Let me say that again: a mind-boggling number of men out there think it’s ok to beat, rape, and kill women.
The salient question isn’t “what should we do about their tweets?” It’s “Where is a huge part of the male population of Earth getting this bullshit?”
The violence against women is so prevalent that we live in a culture where if a man doesn’t believe it’s ok to rape, beat, and kill women, he can believe he is a good guy. He can believe this even if he also believes it’s ok to restrict women’s access to public life and pay them wages that deny the value of their work. Men who think this way are not good guys. They are not good partners, bosses, brothers, or friends. They are just not quite murderers and rapists. I do think these men should feel good about not being murderers and rapists, and then immediately stop feeling good, because everyone should shoot for more in life than “I’m not a murderer or a rapist.”
Pushing the speech associated with this hate back offline serves to comfort a certain set of women, of which I am a member. Certainly we deserve comfort and safety. But it doesn’t stop the culture of gendered violence, often against women, that motivated this bullshit in the first place. People like my friend Laurie Penny shouldn’t live with bomb threats, and I shouldn’t live with rape and murder threats. But we also shouldn’t live in a world where women are raped and murdered in silence. Where they live in servitude, where they are denied pay, and the chance to live as a full creative beings.
The internet can’t fix this. You can’t use technology to solve social problems. You just can’t. I don’t mean you shouldn’t, I mean it never, ever works. Technology can assist social reform, and it can amplify social problems, which it does with misogyny and social media. But it never creates or solves these problems. Trying to make technology do the job of people always ends in tears. The misogyny doesn’t come from the internet, it comes from contemporary culture. It won’t be fixed by the internet, and it won’t be fixed by women.
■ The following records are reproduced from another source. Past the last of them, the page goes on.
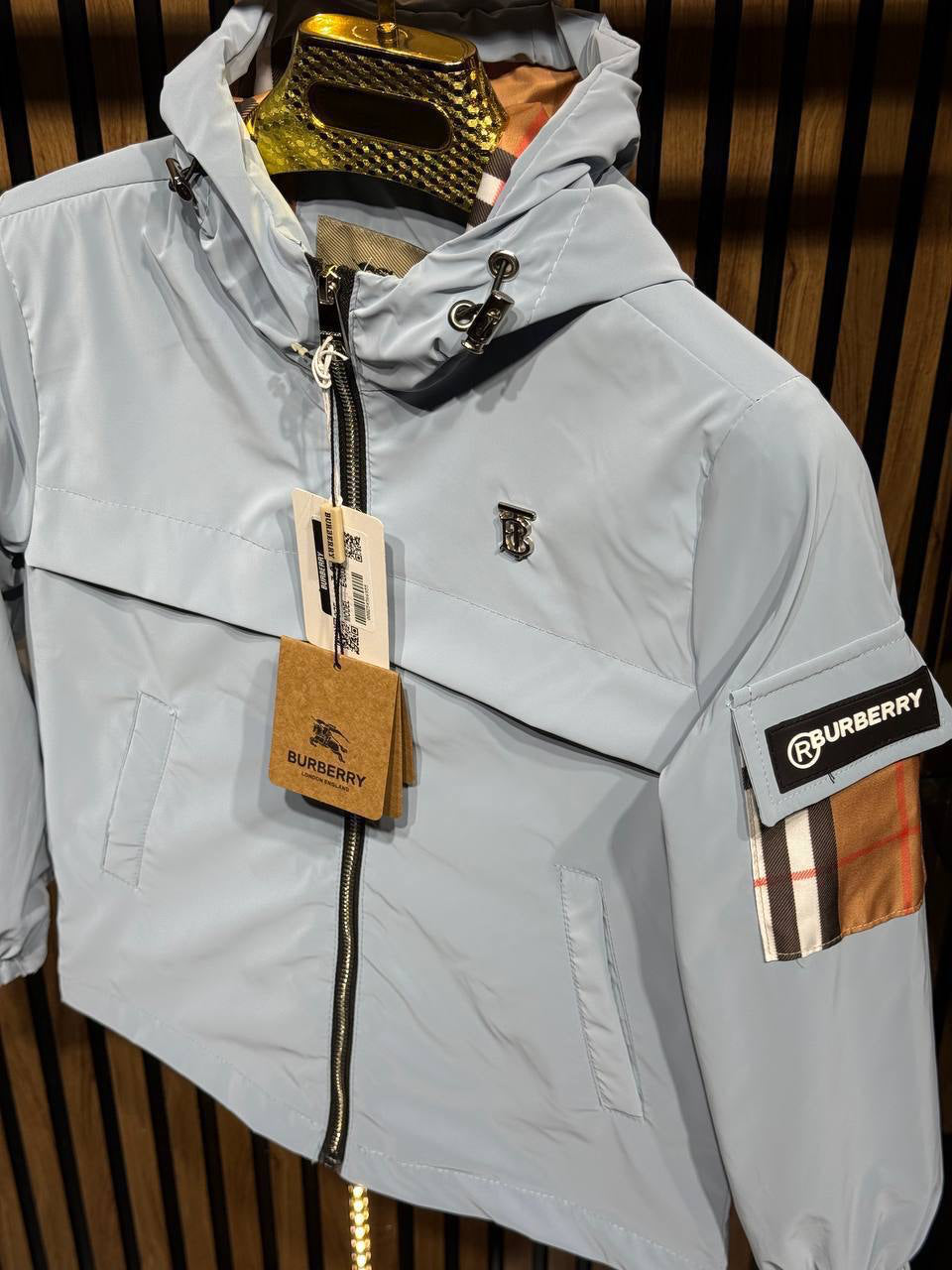 Burberry jasje lichtblauw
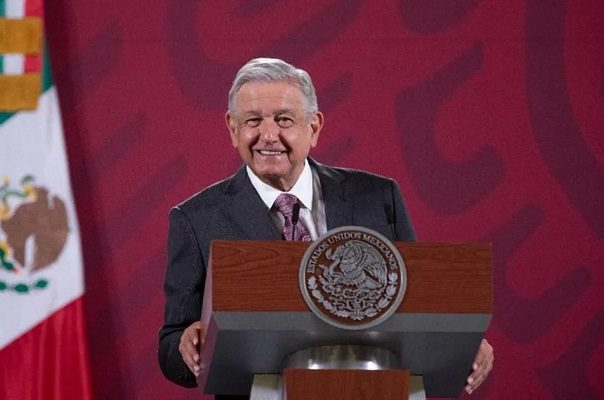 AMLO asegura que su labor en las mañaneras es "pedagógica"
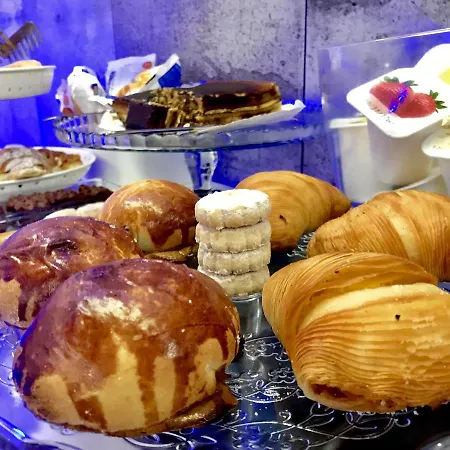 Bourbon House Bed & Breakfast *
It has to be fixed by men.
Men construct manhood. They do it together. Women have an influence, but it is external and always contextualized by men, who are still constructing manhood together. I can’t fix men’s attitudes anymore than a man can tell me how to give birth. We, men and women, can point each other at resources, and posit theories, and support each other, but at the end of the day, I have to push and men have to talk. In all honesty, I’m not sure which is harder. Acknowledging that, I still can’t let men off the hook. Men have to open their mouths and talk about constructing an idea of manhood that makes sense in the 21st century. The whole world needs a manhood that doesn’t rely on attacking or demeaning women.
Jackson Katz lays this out in his work, introduced in his wonderful TEDx talk on gendered violence.
I will warn you now, while I am doing these four parts on different aspects of women’s experience and feminism in the age of the internet, every part will have the same ending. This is because I am a woman, and women can’t fix manhood. That will be the job of men for as long as they exist.